(Data to use begins)

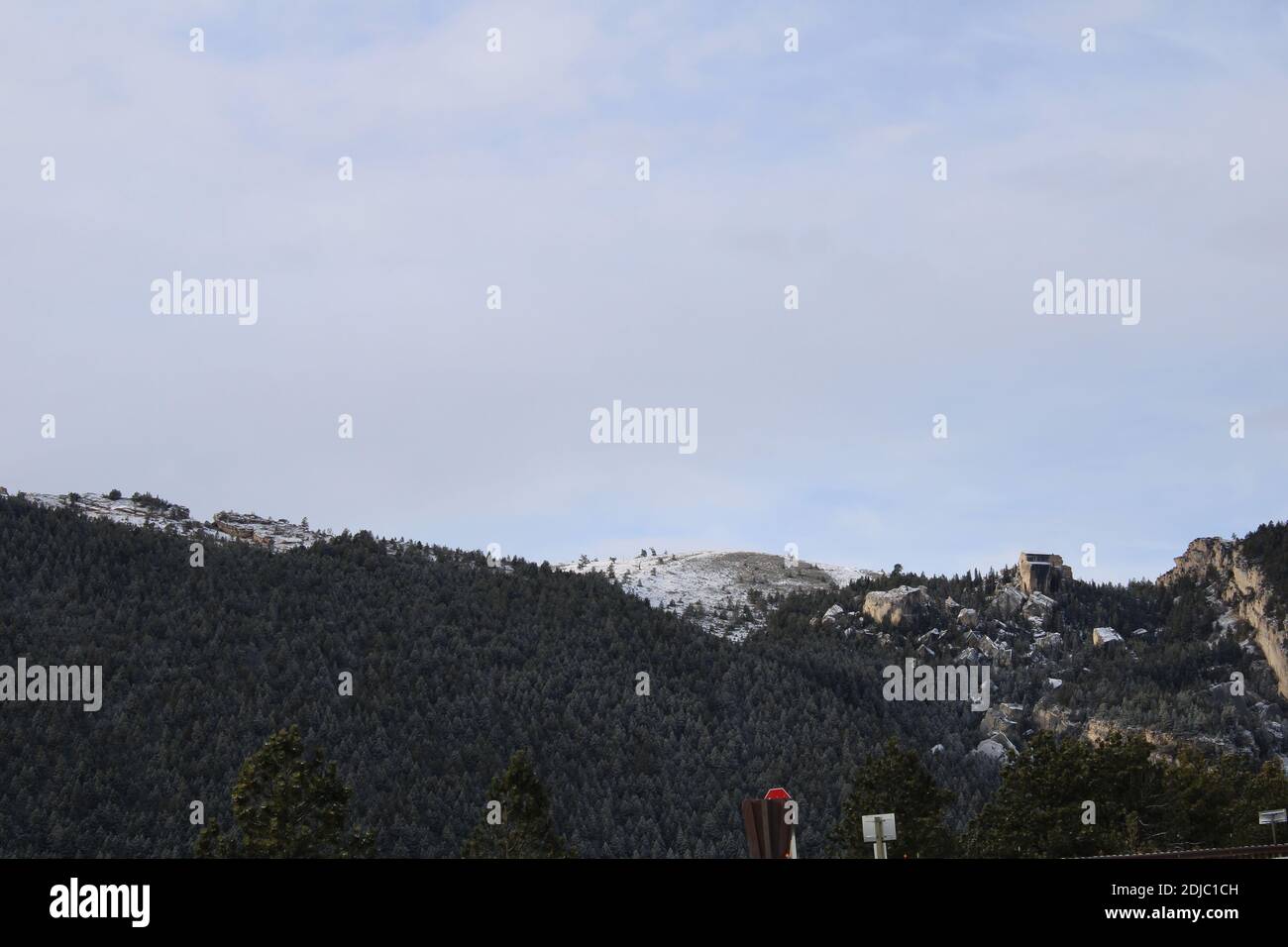 Big Horn Mountains Stock Photo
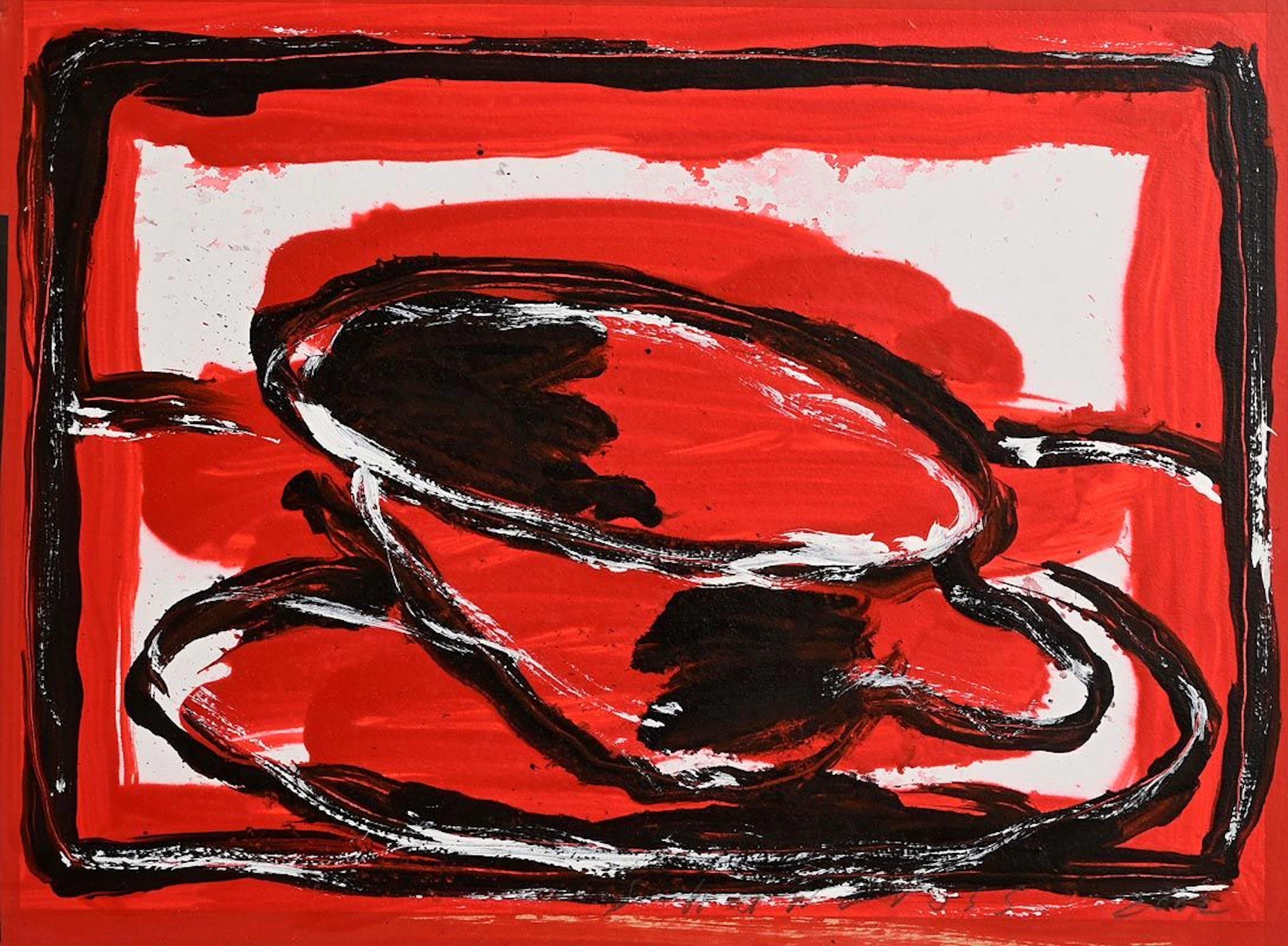 Neil Shawcross (b.1940) From the Red Cup (2002)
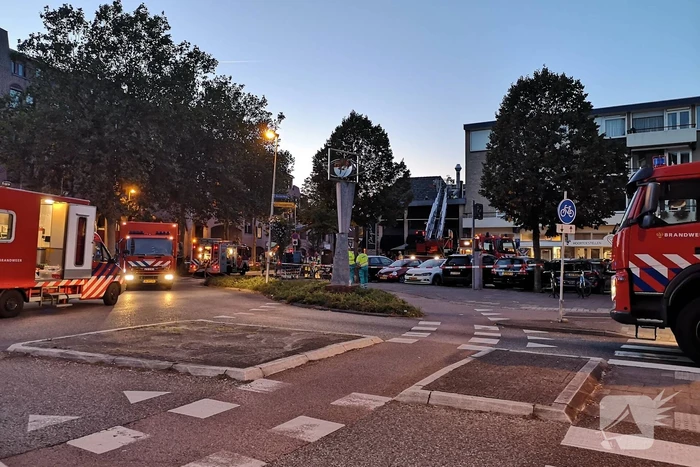brand landstraat bussum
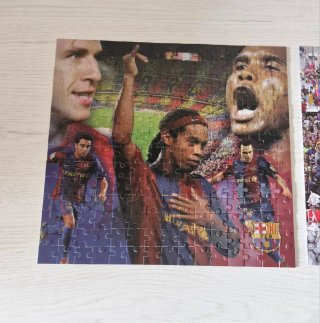 Puzzle FC Barcelona 3D y Estándar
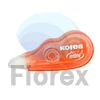 Kép 5/6 - Hibajavító roller, 5 mm x 5 m, KORES "Mini", vegyes szín - 2db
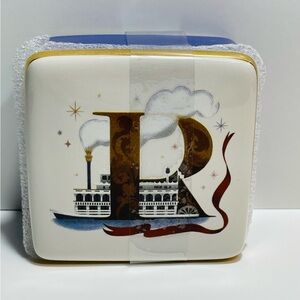 Disney Trinket Box - R is for Riverboats - Mark Twain ABC Disney Letters Disneyl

(Data to use ends)

→ **Instructions for the task**
Copy out each line of the data exactly as it reads; skip the pictures.

→ **Response**
 Big Horn Mountains Stock Photo
 Neil Shawcross (b.1940) From the Red Cup (2002)
brand landstraat bussum
 Puzzle FC Barcelona 3D y Estándar
 Kép 5/6 - Hibajavító roller, 5 mm x 5 m, KORES "Mini", vegyes szín - 2db
 Disney Trinket Box - R is for Riverboats - Mark Twain ABC Disney Letters Disneyl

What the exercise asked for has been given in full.